→ Prompt:
Beginning with the first line, please return the entries exactly through the line that contains "Maglione bordeaux in", and leave out all later lines.

(Records contained in a dataset)

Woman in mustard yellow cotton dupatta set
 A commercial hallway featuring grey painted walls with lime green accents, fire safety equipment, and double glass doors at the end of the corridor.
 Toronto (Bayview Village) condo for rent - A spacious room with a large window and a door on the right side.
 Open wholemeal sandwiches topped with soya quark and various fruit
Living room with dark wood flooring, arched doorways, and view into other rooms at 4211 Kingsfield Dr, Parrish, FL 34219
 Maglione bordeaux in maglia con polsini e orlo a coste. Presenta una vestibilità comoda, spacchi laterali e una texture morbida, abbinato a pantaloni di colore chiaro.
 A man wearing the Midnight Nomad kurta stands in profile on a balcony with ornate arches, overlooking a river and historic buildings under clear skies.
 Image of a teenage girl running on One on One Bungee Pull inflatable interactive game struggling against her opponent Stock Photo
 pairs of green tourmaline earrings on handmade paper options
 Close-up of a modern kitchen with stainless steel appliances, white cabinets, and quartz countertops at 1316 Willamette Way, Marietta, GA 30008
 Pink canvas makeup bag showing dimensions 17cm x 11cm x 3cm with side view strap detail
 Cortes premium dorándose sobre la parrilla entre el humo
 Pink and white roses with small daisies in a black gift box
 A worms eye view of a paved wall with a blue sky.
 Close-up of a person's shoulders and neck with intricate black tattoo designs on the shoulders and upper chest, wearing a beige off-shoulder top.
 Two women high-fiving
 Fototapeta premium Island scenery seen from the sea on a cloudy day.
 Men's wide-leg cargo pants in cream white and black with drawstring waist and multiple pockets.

→ Answer to the problem:
Woman in mustard yellow cotton dupatta set
 A commercial hallway featuring grey painted walls with lime green accents, fire safety equipment, and double glass doors at the end of the corridor.
 Toronto (Bayview Village) condo for rent - A spacious room with a large window and a door on the right side.
 Open wholemeal sandwiches topped with soya quark and various fruit
Living room with dark wood flooring, arched doorways, and view into other rooms at 4211 Kingsfield Dr, Parrish, FL 34219
 Maglione bordeaux in maglia con polsini e orlo a coste. Presenta una vestibilità comoda, spacchi laterali e una texture morbida, abbinato a pantaloni di colore chiaro.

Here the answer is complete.